Groundies: Barfußschuhe aus Freiburg
„Nova Mid“ Barfußschuh, ca. 150 Euro
Nischenprodukt Barfußschuh: Die junge Freiburger Marke Groundies möchte ihn aus der Gesundheitslatschen-Ecke rausholen und zeigen, dass diese Art der Fußmode auch mit Stil in Vereinbarung zu bringen ist. Rund vier Jahre lang war Groundies dabei auf einem guten Weg. Kurz vor Redaktionsschluss dieser Ausgabe kam jedoch die ernüchternde Nachricht: Insolvenz für die Marke unter dem Dach der Firma EOD, die für Groundies umstrukturiert wird. Es soll aber weitergehen für die Marke und ihre 120 Mitarbeitenden. Wir haben uns entschieden, Groundies in unserer Fotostrecke zu belassen.

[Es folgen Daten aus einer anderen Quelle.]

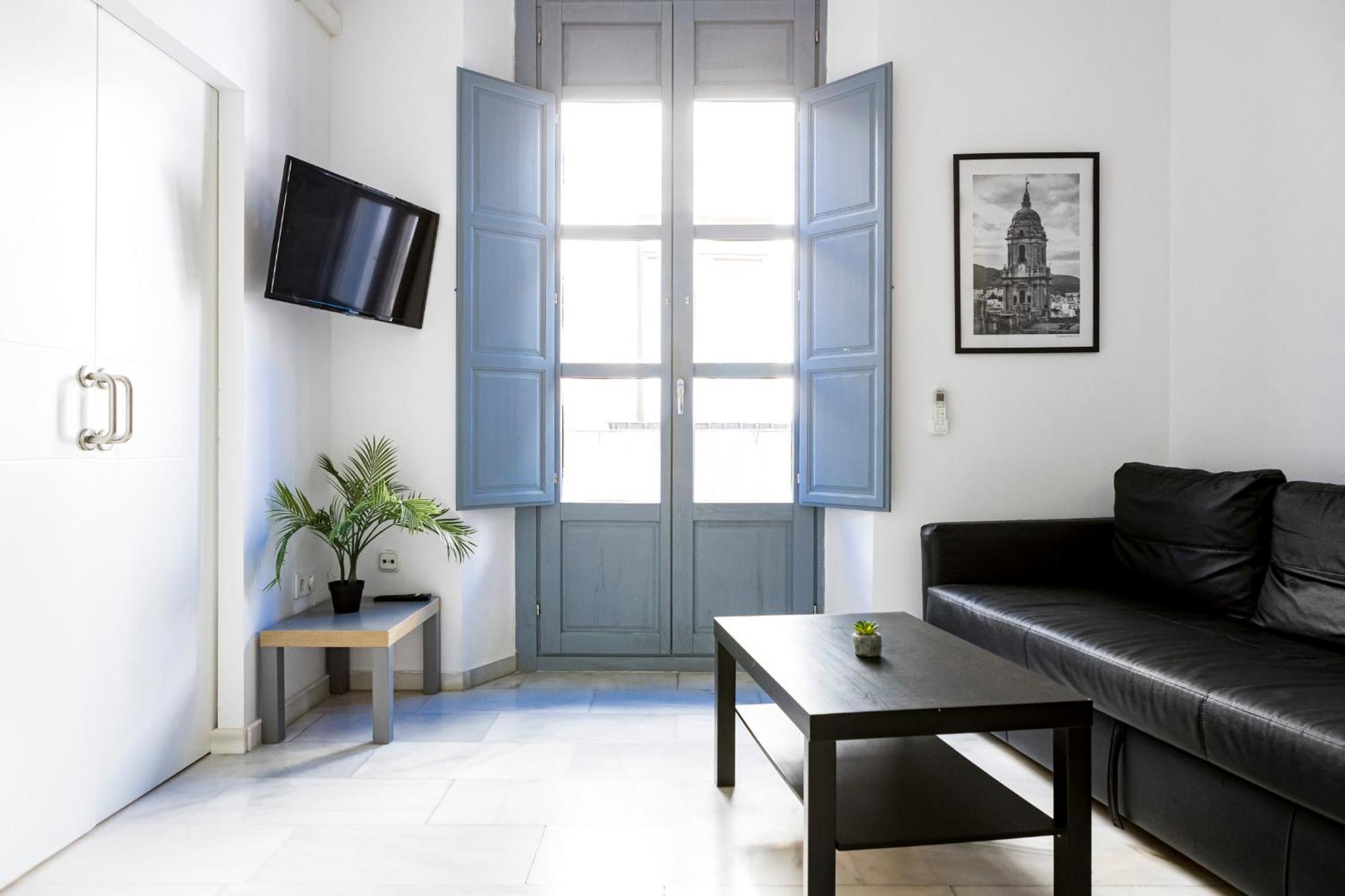 Suites Picasso Málaga Eksteriør bilde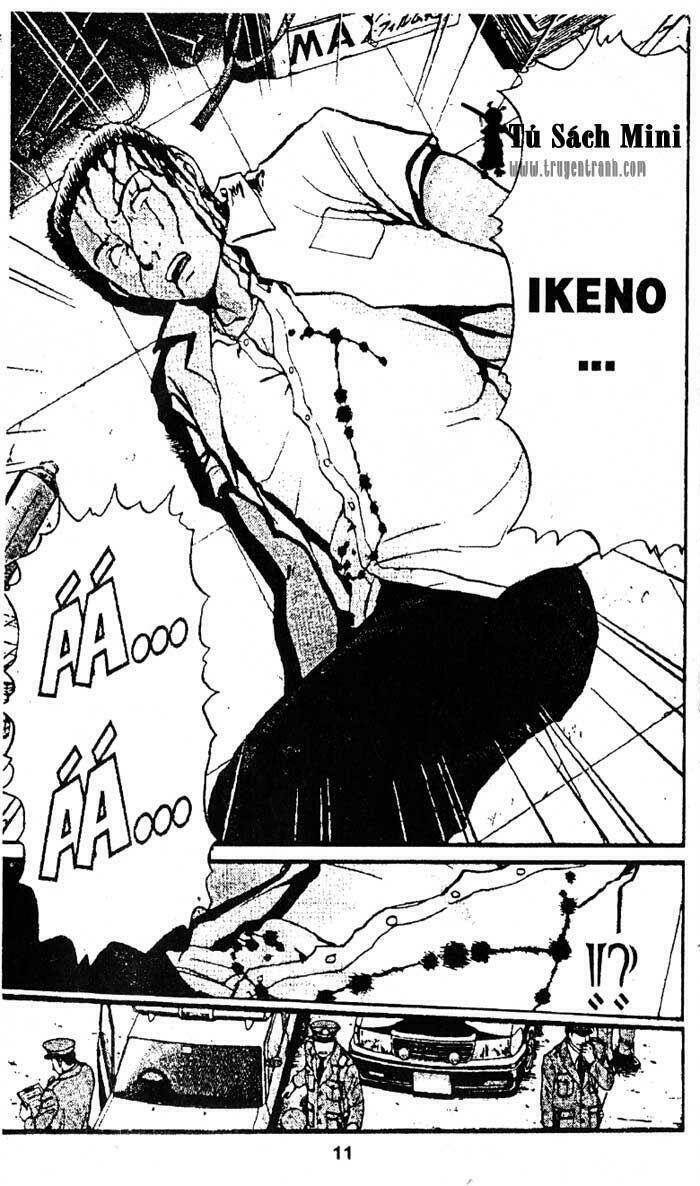 thám tử kindaichi (bản đẹp) chapter 121 13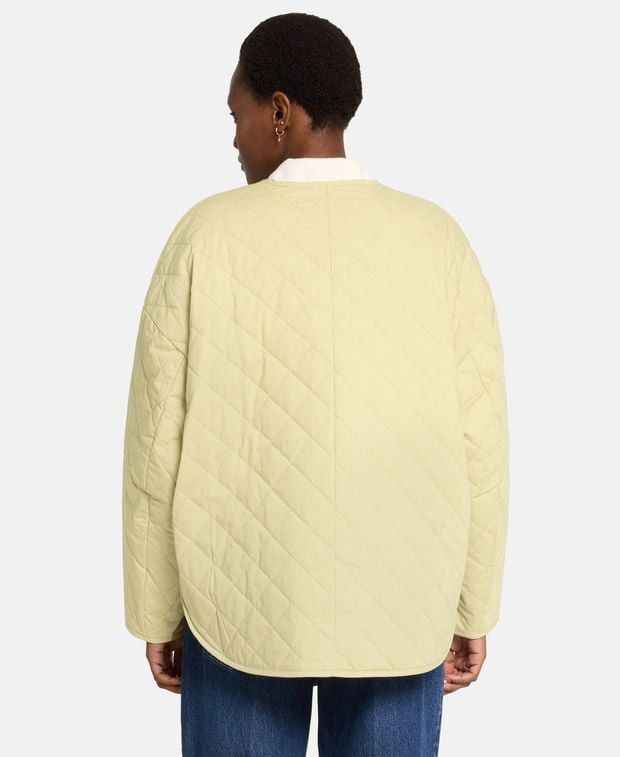 Toteme Quilted jacket Size XXS / US 00 / IT 34 - 2 Thumbnail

Madeira: Stickgarn aus Freiburg
Goldgarn
Die Logos von fast allen bekannten Fashion- oder Sportlabels haben eins gemeinsam: Sie werden mit Garn von Madeira gestickt. Wie sich das Freiburger Unternehmen damit weltweit an die Spitze gesetzt hat, können Sie HIER nachlesen.
Schwarzwald Couture
Dirndl, salbeifarben, aus Wolle und Seide, ca. 1200 Euro, Bluse aus Spitze, ca. 190 Euro
Alles, was sie kann, hat sich Kim Schimpfle selbst beigebracht. Die 48-Jährige ist Dirndl-Designerin und Inhaberin von Schwarzwald Couture. Ihre Kundinnen lieben den kleinen Laden in der Freiburger Hildastraße. Alle Stoffe sind selbst gestaltet – oft dienen alte Postkarten als Vorlagen –, sie werden in Österreich gewebt und nach Freiburg geliefert. Hier findet dann alles statt: Schnitt, Entwurf, Produktion, Verkauf – Schimpfles Kreationen sind handgemacht. „Meine Eltern waren beide Künstler, das Kreative haben sie mir in die Wiege gelegt“, sagt die Autodidaktin, die mittlerweile weit über die Grenzen des Schwarzwalds bekannt ist. Die Kundinnen kommen aus der ganzen Welt, einige reisen nur fürs Maßnehmen und zur Anprobe an. Seit 1996 macht Kim Schimpfle Mode, den Laden in der Hildastraße hat sie seit dreizehn Jahren. Einen Onlineshop für die Dirndl gibt es nicht. „Das ist kein Produkt, das online funktioniert“, sagt die Designerin. „Ich berate aber auch einfach zu gerne.“
Evgeniya Scherer
Ensemble aus bedruckter Viskose-Weste und goldener Hose (beides Einzelstücke), ca. 880 Euro
Der Druck auf der Viskoseweste sieht nicht von ungefähr so skulptural aus. Evgeniya Scherer (46) aus Lahr verwebt ihre beiden Leidenschaften miteinander: Mode und Kunst. „Ich kann das eine nicht ohne das andere denken“, sagt die promovierte Juristin, die zwanzig Jahre als Rechtsanwältin arbeitete, bevor sie die Kunstakademie in Lahr besuchte. In der Modewelt fasste die gebürtige Bulgarin als Quereinsteigerin schnell Fuß: Ihre Kollektionen werden auf den Fashionweeks in New York und Paris gezeigt. Das Besondere: Die Motive ihrer Bilder, die sie mit Öl auf Leinwand malt, lässt sie in Italien auf Stoffe drucken. Daraus und aus Haute-Couture-Reststücken – das sind die Teile, die bei den Mustern der großen Modehäuser anfallen – wird ihre unverwechselbare Mode.